Sen. Gramm showed no such ambivalence. The Texas Republican would establish a single tax rate of 16% and impose it on all income, with two key exemptions - charitable contributions and home mortgage deductions.
Sen. Gramm justified the first exemption by noting that he plans to ask charities to step up their efforts on behalf of the needy as the government scales back. The second he explained by extolling the old-fashioned virtues of American homeownership - as opposed to the old-fashioned political virtue of courting the American middle-class voter.
The new tax plan may not be enough to carry Sen. Gramm into the White House. But it may provide a glimpse of the next major change in the American tax system. If there is a flat tax in America's future - and it looks increasingly as though there is - it will probably look a good deal more like Sen. Gramm's vision than the simpler, no-deduction system advanced by publisher Steve Forbes.
That's good news for mortgage lenders, some of whom have already begun worrying about the future of the mortgage interest deduction.

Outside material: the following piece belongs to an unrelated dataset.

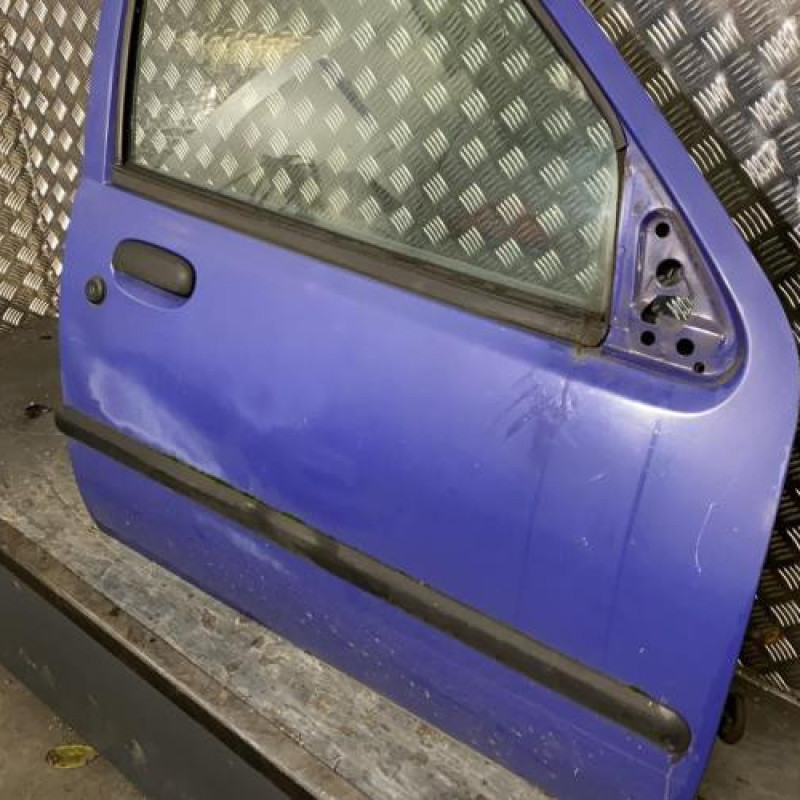 Porte avant droit MAZDA 121 3 Photo n°2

Brian Smith, director of policy development for America's Community Bankers, thinks those who would end the mortgage interest deduction should recall the lessons of the 1986 tax reform law, which stripped away a number of real estate tax preferences.
"The '86 tax bill whacked property values by 15%," he said, arguing that a repeal of the mortgage interest deduction would have a similar effect.
For the banking industry, maintaining the mortgage interest deduction has other benefits as well. It could prove to be the slippery slope that leads to other tax exemptions.
After all, if interest on home mortgages remains exempt, why not interest on vacation homes? And if second homes are given preferential status, then how about second mortgages? And if second mortgages are protected, then banks would still be in the home equity loan business.
Sen. Gramm's plan seems safely within the mainstream of current Republican Party thinking. Conservative commentator Pat Buchannan has proposed a similar system, and former Tennessee Gov. Lamar Alexander advocates a simpler tax code with lower rates. Both men would maintain deductions for charitable contributions and home mortgage interest.
But before the industry gets too comfortable, bankers should remember that Mr. Forbes has moved himself solidly into second place in the GOP race. And he has done so largely on the basis of his flat-tax plan - a proposal that allows no deduction for mortgage interest.